MKVSDCU is an attempt to bring back that old school 2D fighter feel. To that end, the d-pad is used for all 2D style movement, crouching, jumping and moving forwards and backwards. But Ed hasn't totally ditched the 3D vibe from recent titles in the series. The left thumb stick controls 3D movement, so you'll be able to move in and out of the area just like before.
'Midway has built in a new Pro-Move system which rewards players who know their charge attacks from their cross-ups.'
And here lies one of our concerns with the game - it's impossible to use the d-pad and the left thumb stick at the same time, since both require your left thumb. We found that we completely ignored the left thumb stick, not deliberately, but naturally. We couldn't exactly go without jumping now could we?

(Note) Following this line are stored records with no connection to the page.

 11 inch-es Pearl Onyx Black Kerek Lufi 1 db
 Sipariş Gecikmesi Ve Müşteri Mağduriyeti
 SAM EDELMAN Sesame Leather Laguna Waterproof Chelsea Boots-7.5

So, using just the d-pad, we jump, sweep, special move and combo just like we used to back in the day. It feels very early 90s. And then Superman grabs Sub Zero, the camera zooms in, the two heavy weights start snapping limbs in Klose Kombat and we're reminded that, actually, this is 2008 and things have come on a long way since then.

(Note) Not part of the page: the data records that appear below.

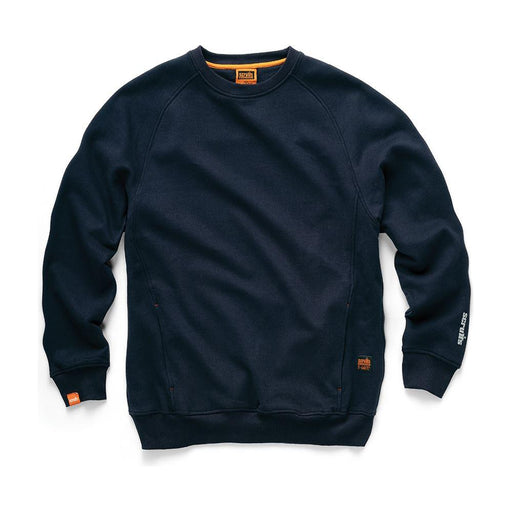 Scruffs Eco Worker Sweatshirt Navy XXXL Scruffs  - Dynamic Drive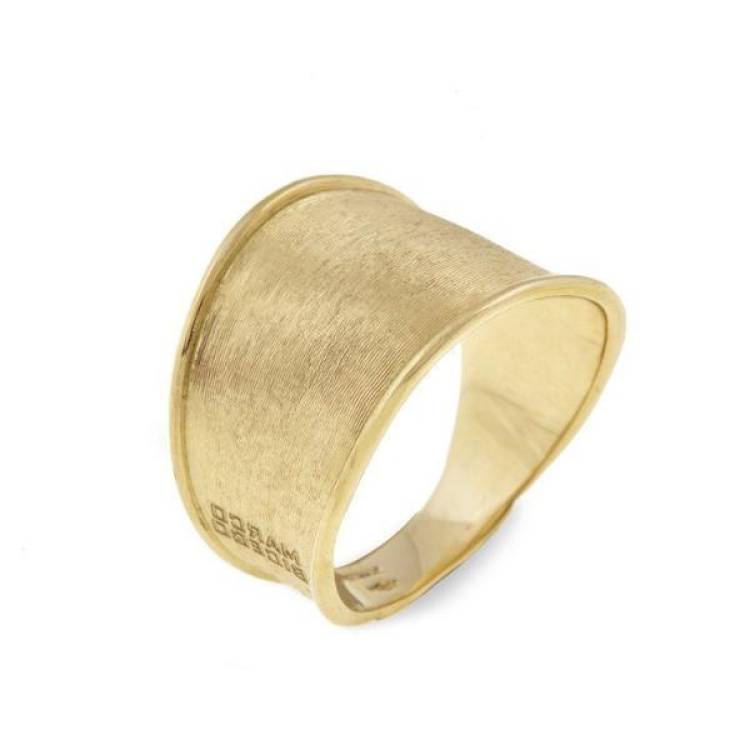Marco Bicego Lunaria 18ct Yellow Gold Wide Ring - N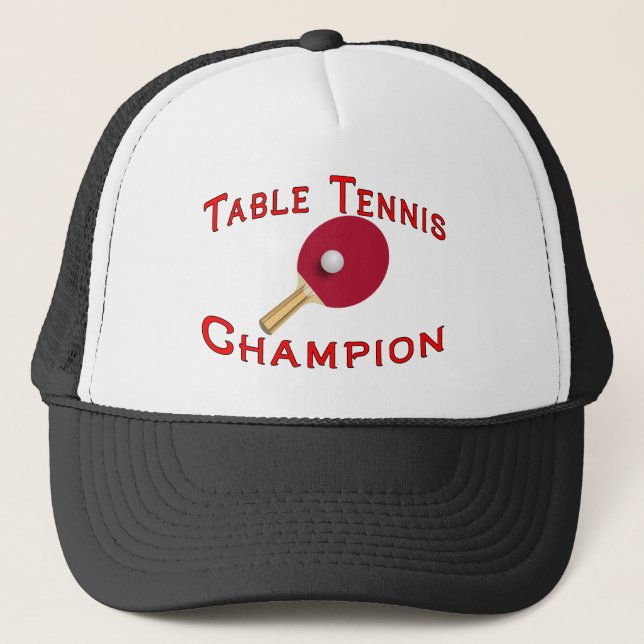 Tischtennis-Meister Truckerkappe (Vorderseite)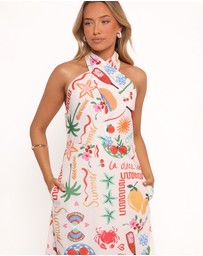 Petal & Pup - Betsy Halterneck Maxi Dress - Dolce Vita
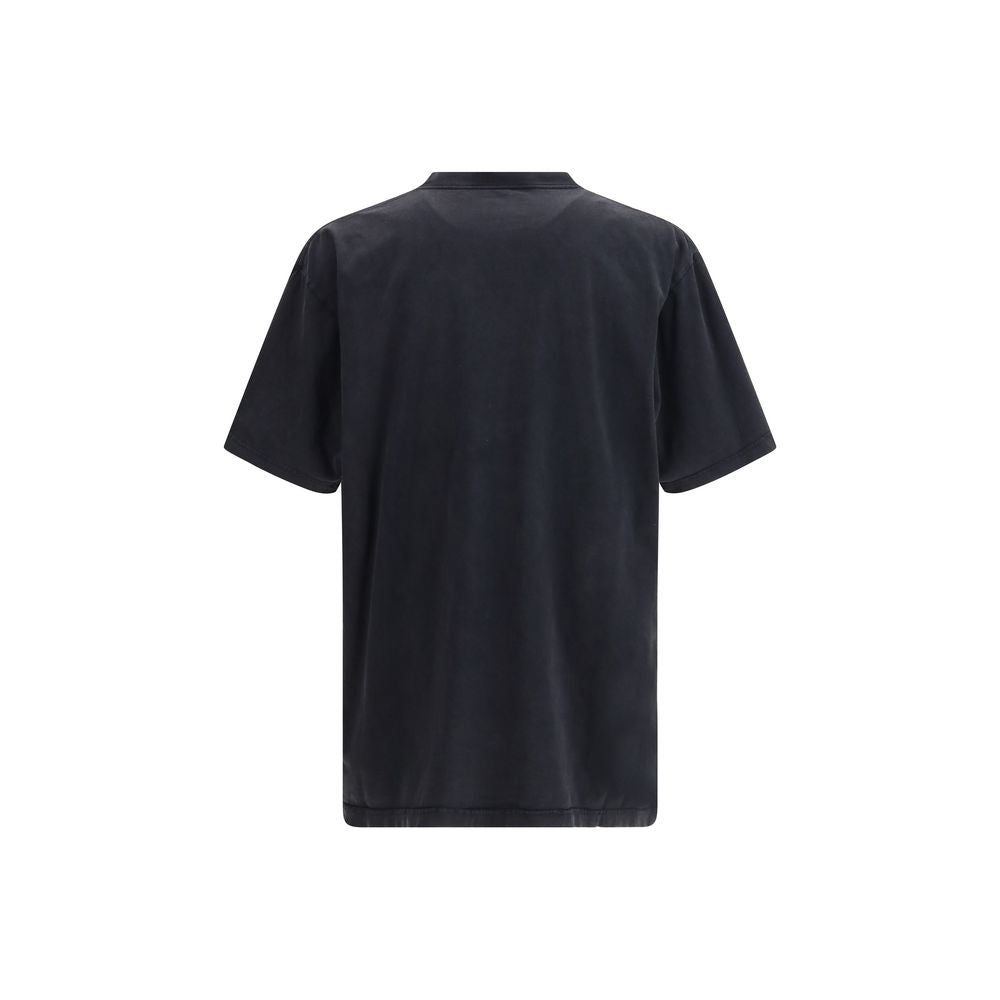 T-shirt Balenciaga en coton noir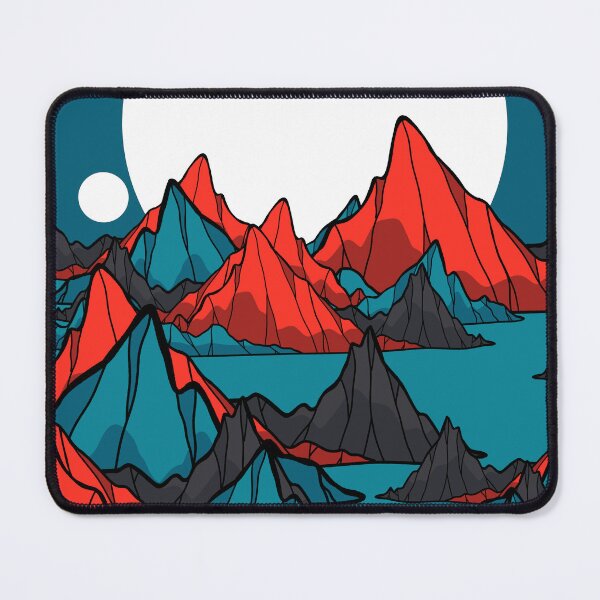 Item preview, cliff islands designed and sold by Swadeillustrations.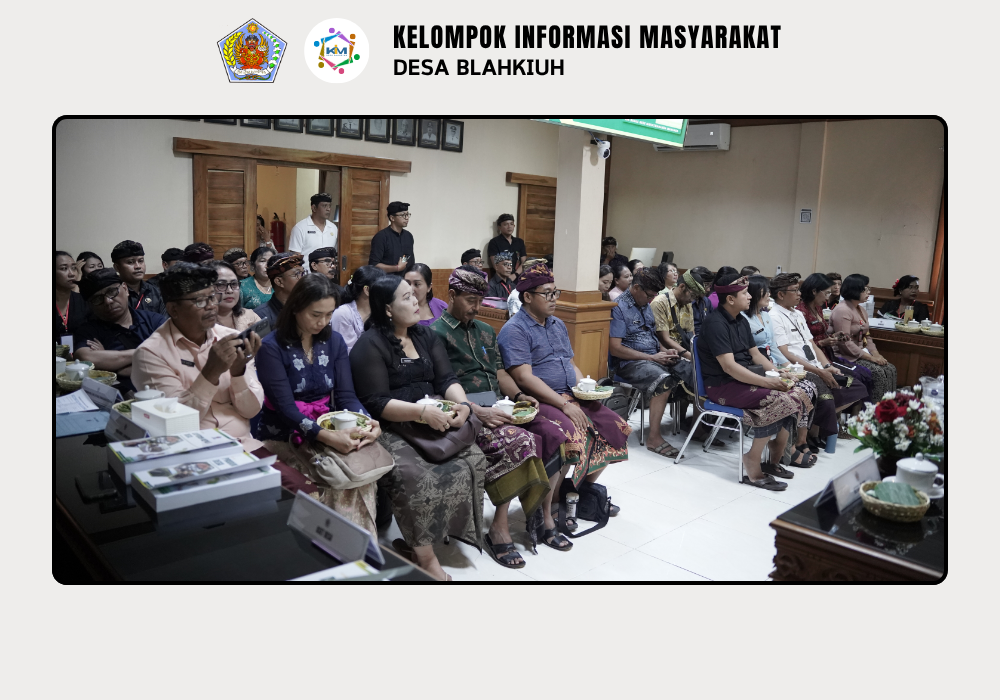 Pemaparan dan Klarifikasi Lapangan Lomba Desa Tingkat Kabupaten Badung Tahun 2026 di Desa Blahkiuh - Image 2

Klose Kombat, triggered by landing an interactive throw, uses a new set of face button controls and feels somewhat like a mini-game. There are five different attacks to cause damage with. As the defender you don't have to sit there and take it though. There's a small window of opportunity where one of your own face buttons flashes and you can counter. Some of the close combat attacks are painfully brutal. The knee to the spine and the arm breaker are particular highlights. It's simple, accessible and not particularly sophisticated. Once you get used to the timing countering becomes fairly easy, which begs the question: why would you go for an interactive throw if you know there's a good chance your every attack is going to be countered?

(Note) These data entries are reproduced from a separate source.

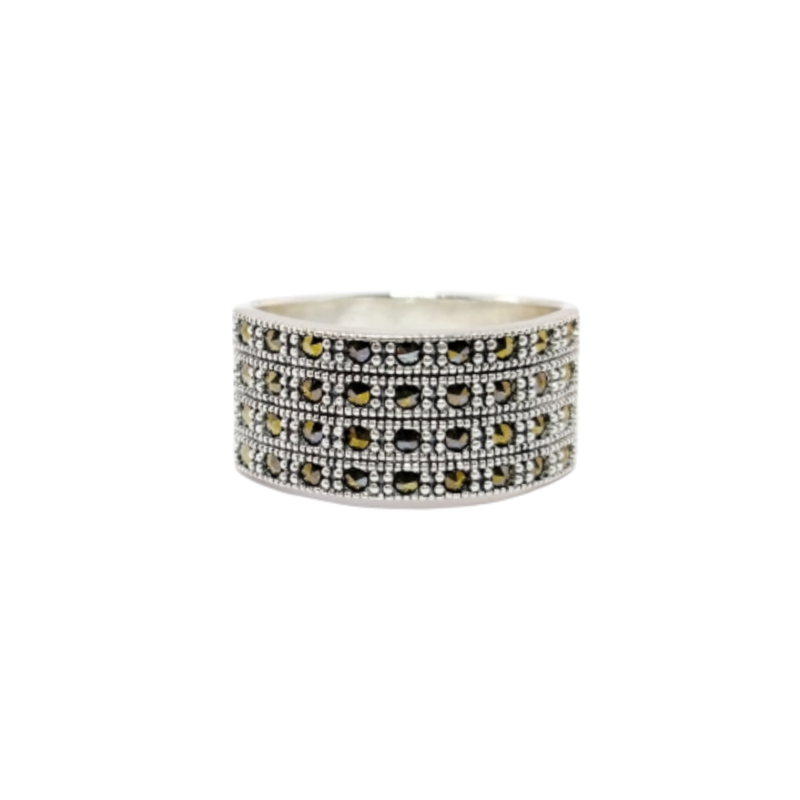 JSAJ MARCASITE BAND RING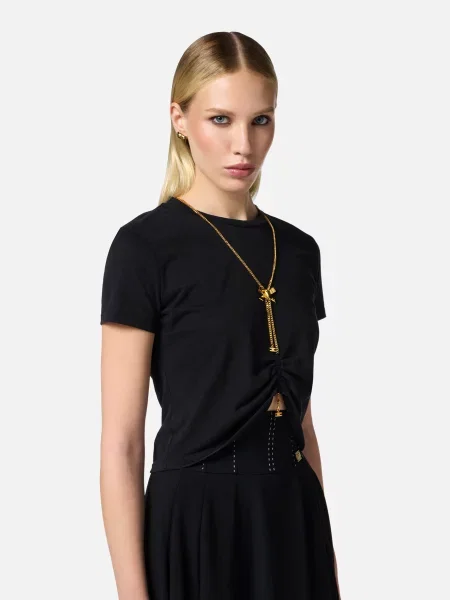 Футболка Elisabetta Franchi чорна
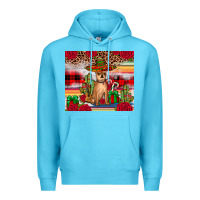 Ocean Blue Chihuahua Christmas Premium Hoodie - JahusDesignShop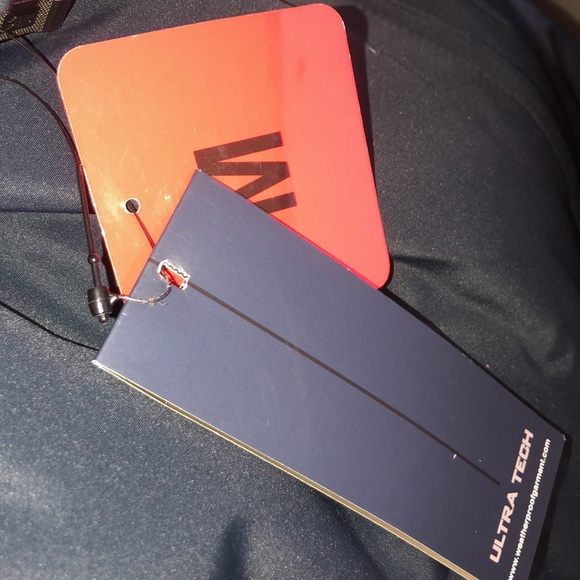 Weatherproof Mens Ultra Tech Double Zip Water Repellent Coat New With Tags - Picture 3 of 4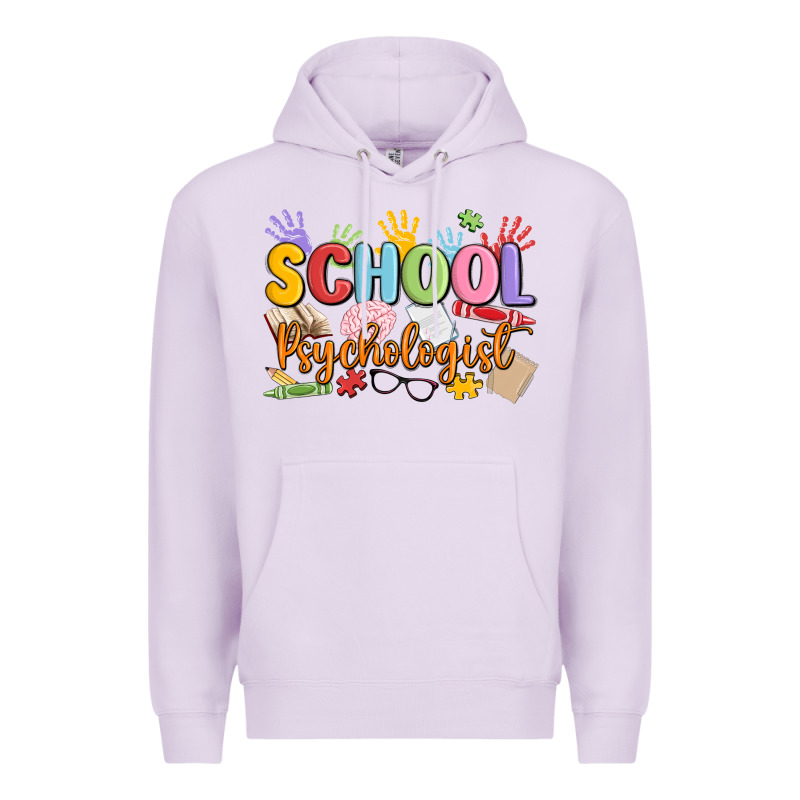School Psychologist Premium Hoodie by MaliasSmallBusiness | Teevron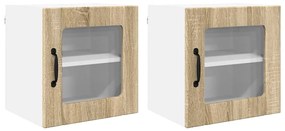 vidaXL Ραφιέρα τοίχου LUCCA 2 pcs Sonoma Δρυς 40 x 31 x 40 εκ.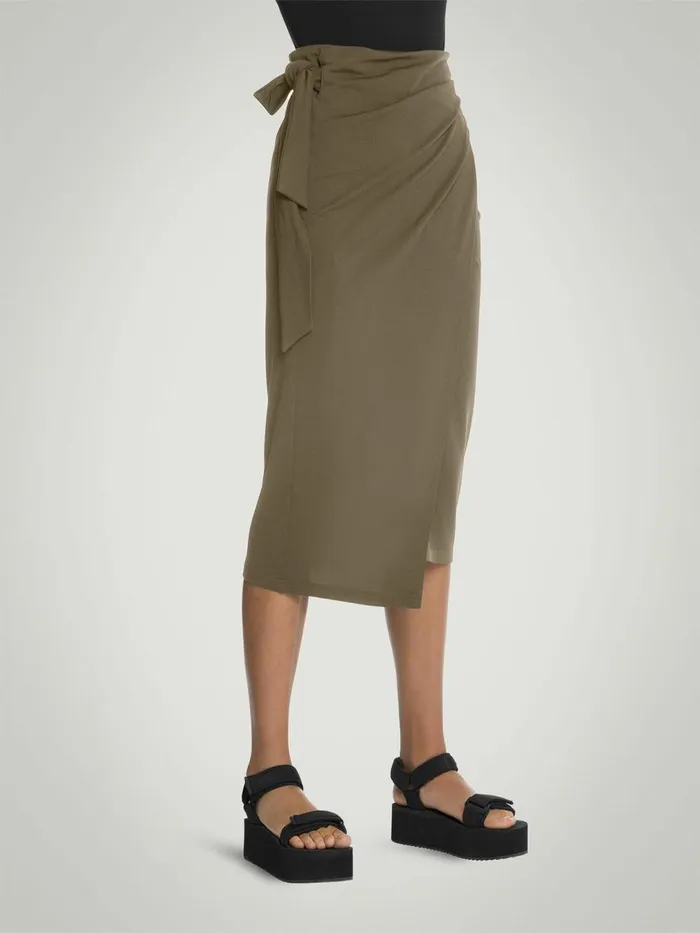 The OrigamiDrape Wrap Skirt Mocha Women Wolford Dresses and Skirts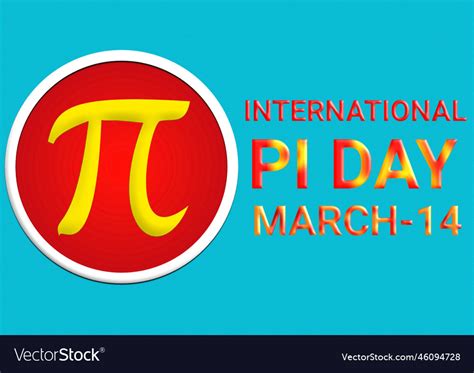 Happy National Pi Day March 14 Holiday Concept Vector Image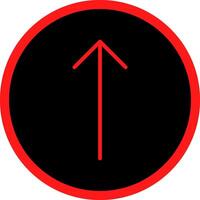 Up Arrow Creative Icon Design vector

Better than Klose Kombat is the new Free-Fall Kombat feature, which sees you blast your opponent through the level wall and jump straight after them, pummelling each other as you both fall out of the sky. The aim during this transition is to max out the super meter. Once done you'll be able to trigger a super combo attack that smashes your falling foe into the ground below, doing massive damage. The risk, however, is in being countered so that the defender now becomes the attacker and takes control of the super meter.
Each arena will have a unique transition. The Metropolis arena, which sees both fighters smash through wall after wall of the media building until both fighters end up on the other side, triggers a 'Test Your Might' button mash competition, ala Gears of War 2's chainsaw duels (in another link with Epic's third person shooter, Midway is using Unreal Engine 3 to build the game).
Midway is well aware that these new gameplay features are, well, a bit simple. So it's built in a new Pro-Move system which rewards players who know their charge attacks from their cross-ups. Every special move has a Pro level. Take, for example, Sonya Blade's Energy Rings projectile. After you've performed the motion (charge back then forward and punch) there's a small window of opportunity to repeat the move and have a second ring fire out straight after the first. Another example is Superman's Eye Laser. By timing a press of all four face buttons after performing the special move Superman will continue the Eye Laser for longer and cause more damage. It's a mechanic that's designed to provide depth for more advanced players. We picked it up pretty quickly (being the fighting game gods that we are), and, eventually, used them to mix up attacks and make our play less predictable.